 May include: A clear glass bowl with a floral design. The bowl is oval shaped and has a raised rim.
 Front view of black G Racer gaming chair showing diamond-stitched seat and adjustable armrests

____

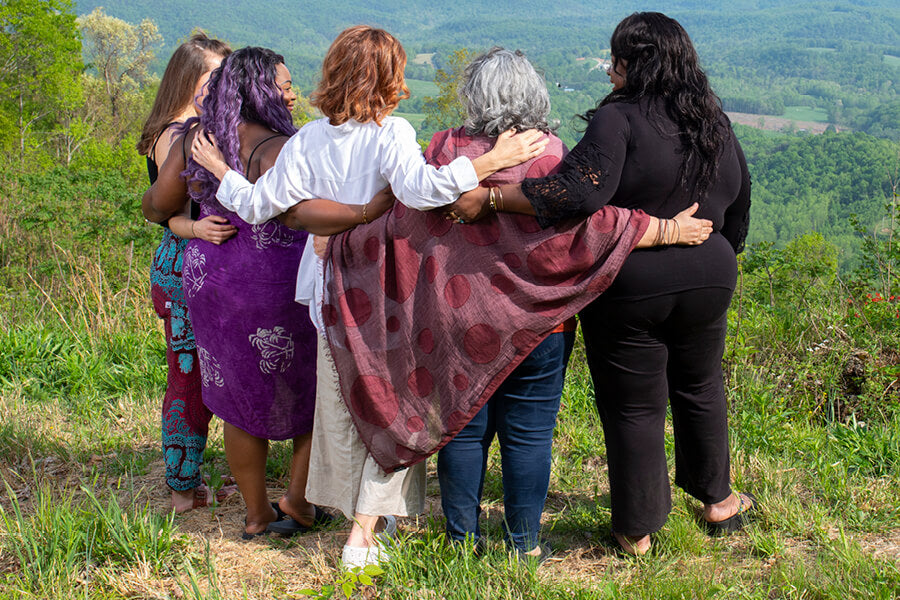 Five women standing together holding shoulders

____

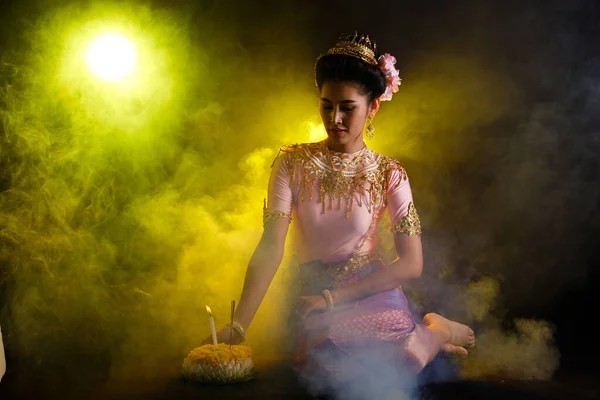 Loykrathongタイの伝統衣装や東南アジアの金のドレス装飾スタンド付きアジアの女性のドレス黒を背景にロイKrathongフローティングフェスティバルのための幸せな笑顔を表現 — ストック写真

____

## [AIM OF THE TASK]
In the listing above, transcribe exactly everything from the line containing "May include: A" down to the line containing "Front view of", including both and nothing more.

## [ANSWER AREA]
 May include: A clear glass bowl with a floral design. The bowl is oval shaped and has a raised rim.
 Front view of black G Racer gaming chair showing diamond-stitched seat and adjustable armrests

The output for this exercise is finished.